My Infusion Essentials

Shortly after my Crohn’s disease diagnosis, I began my first biologic medication - one that was administered every eight weeks via IV infusion.

As someone who had previously endured multiple hospitalizations, IV medications, tests, and procedures, the idea of infusion medication did not stress me out, but I wasn’t sure what to expect. What would the appointment be like? How long would I be at the hospital? What would I feel like afterward?

How I prepare for IV infusions

I’m now five years into my infusion journey and I feel like I’ve gained a good bit of wisdom on managing IV therapy.

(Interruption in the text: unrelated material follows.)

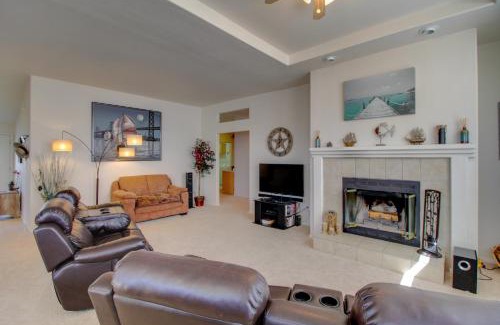 Clear Lake Casa | Clearlake Oaks Home with Game Room, Dock and Deck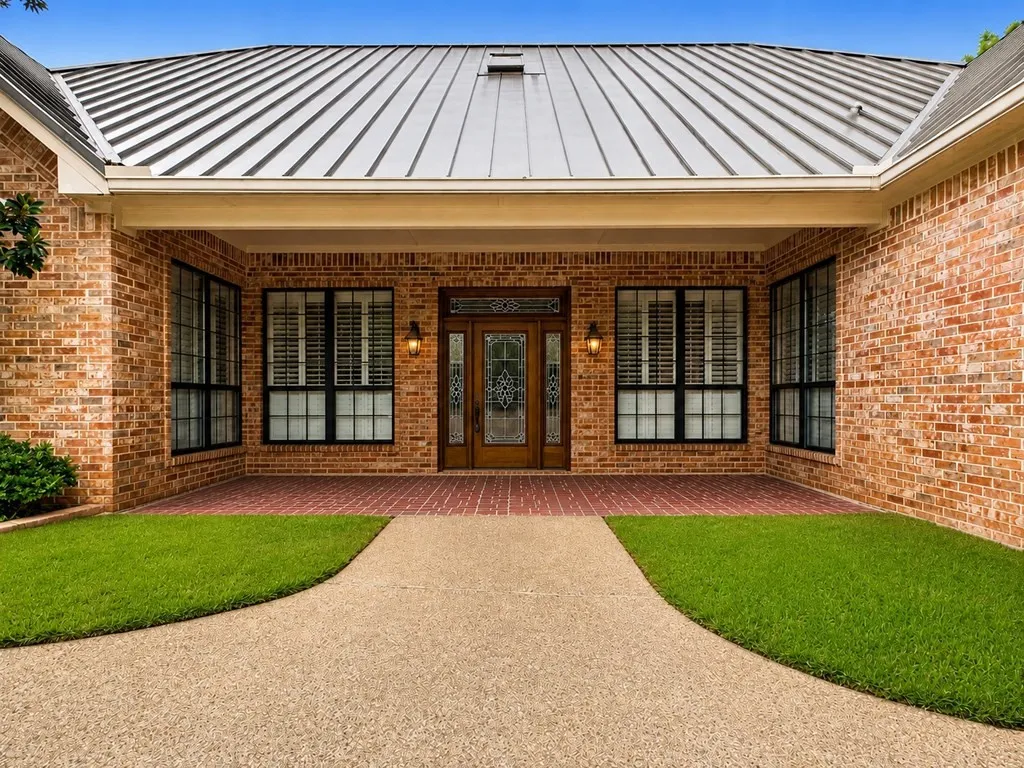 Single Family Residence For Sale in Henderson County , 706 Park Place Drive, Athens, Texas 75751, 3 Bedroom, 3 Bathroom, 2 Garage spaces, 2,266 Sqft, built in 2001, Price $439,000, mls#21301027, Real Estate Agent in Athens, Homes For Sale in Henderson county, Homes For Sale in Athens, Realtor in Athens Texas, Real Estate Brokerage Independent Realty Texas, Luminita Cordes Realtor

What I do in the days prior

Hydrate, hydrate, hydrate. I can’t stress this enough!! When you are better hydrated, it makes the IV access much easier for the nurses. Your veins are more visible and easier to use when you’re hydrated, and this makes for a smoother experience all around.

More on this topic

Having a good water intake in the days leading up to your infusion will also help your body accept the medication, and, in my experience, it leaves you less likely to experience some of the typical side effects like headaches, dehydration, and fatigue.

Personally, I have found that eating a higher amount of protein the day before my infusion also helps my energy levels and my ability to tolerate the medication.

Essentials to keep in your bag

Wherever you get your infusion medication, you’ll likely be there for several hours. Especially in the times of COVID-19, when you likely cannot have anyone accompany you, it might feel daunting to use up that time and stay calm and relaxed while the medication is flowing into your IV. Here are some suggestions on what to pack in your bag (or have nearby):

  1. A water bottle
  2. Snacks!! This is huge for me and I’m always in the camp that I can’t have too many snack options. Sometimes I don’t eat anything, but more often than not, I’m really grateful to have some things to munch on. My old infusion center was in the same building as a restaurant and patients could order breakfast or lunch to be delivered during the appointment. It was great!
  3. Entertainment - This may vary from person to person, but I’ve always found that my phone, tablet, or laptop are my best option. I usually opt to watch something and often fall asleep during my infusion time. Other ideas include a book, a small craft like knitting or coloring, a journal, or a book of crossword puzzles. (Note: for anything electronic, you’ll want to make sure you have a charger/charging cable and/or a portable battery!)
  4. Headphones/Airpods - If you’re hoping to watch something in a public space (like an infusion center or the hospital), you’ll also want to bring headphones so as to not disturb other patients.
  5. A small blanket! Many infusion centers and hospitals offer these, but I’ve always been a bigger fan of my own. Something not too large that I can fold or roll up and throw in my shoulder bag has been a huge comfort to me, especially when I’m feeling exhausted and want to rest.